…がくれた、幸せ
伴侶
文・秋津良晴 絵・中山成子
 
 兄はオーディオ作りや、写真を趣味にしていました。義兄はチラシなどの商品撮影の仕事をしていました。そんな状況だからボクがカメラに汚染されないわけはありません。高校生になると修学旅行のお金で、一眼レフカメラを買うなどしたものだから、「カメラマニア」と言われるようになっていました。潜り込んだ出版社にはいつもカメラをぶら下げて通っていました。いつの間にかカメラマンにされていました。「仕事になる」と思ったので、機材を揃えました。お金がかかりました。生活が苦しくなりました。明日、どうするかを思い悩んで、夜中、街中をさ迷ったことが度々ありました。徐々に仕事は増えたけれど生活は苦しく、いい写真も撮れなくなっていました。しかし、一方で、編集やデザインの力は認められ始めていたのです。写
真を続けるか、転職するか、迷いの最中にありました。
 「迷い」は囚われから生じます。進路などを決断する時、親は「よく考えろ」と言います。しかし、先が見える人はいないのだから、考えたところで正しい答えは出ません。それでも考える。そして時間だけが過ぎてしまって、成り行きで決まってしまいます。無駄な時間を貪っただけなのです。不安は残ったままなのです。

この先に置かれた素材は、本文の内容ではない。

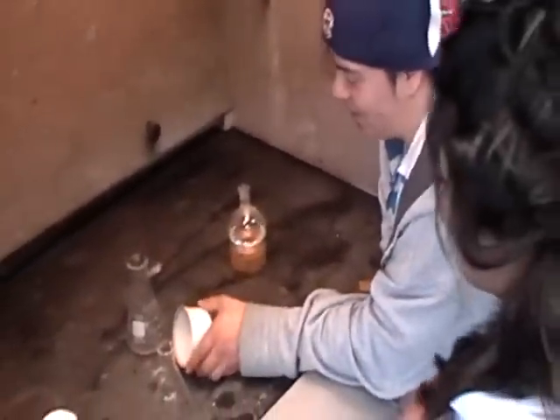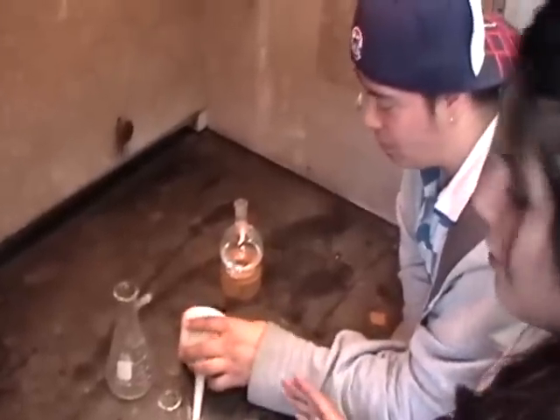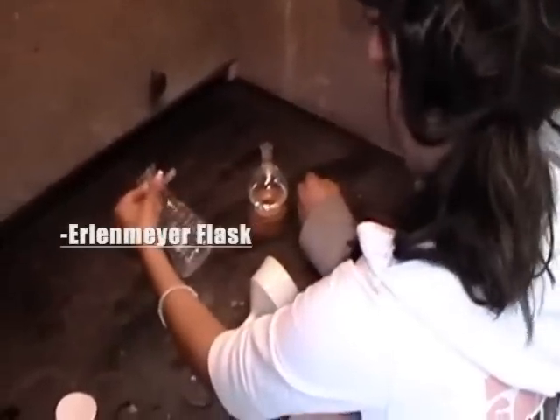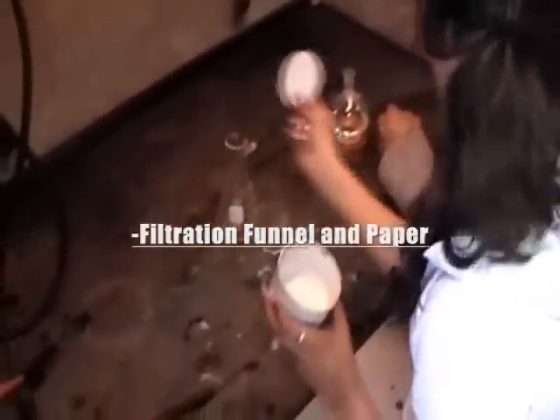What's wrong, Eddie? You need some help? Yeah, I'm a little lost — I don't know what we're supposed to do here. This is a filtration. What you need is a Meyer flask, a filtration funnel, and funnel paper.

 迷った時は右も左もリスクは一つと思い決めて、一方を「捨てる」しかありません。あれこれ抱え込んでいるモノを捨てなければ何も始まらない。ボクの場合のそれは「カメラ」だったのです。プロになる気で揃えて来た機材を捨てることは忍びがたいことでした。編集やデザインに転職しても、成功するとは、誰も約束してくれていません。「捨てる」とは、カメラを持っていたいと言う「欲」を断つことであり、先行きの「生活の不安」と闘うことだったのです。ふと、思いました。選ぶ時に大事なことは「考えて先(結果)を見通そうとする事」ではなく、決めてしまって「結果を良くする決意」だと。そして、「そこから(何もないところ)始まる」と覚悟する事だと。ボクは腹を据え、デザインへの道を目指したのでした。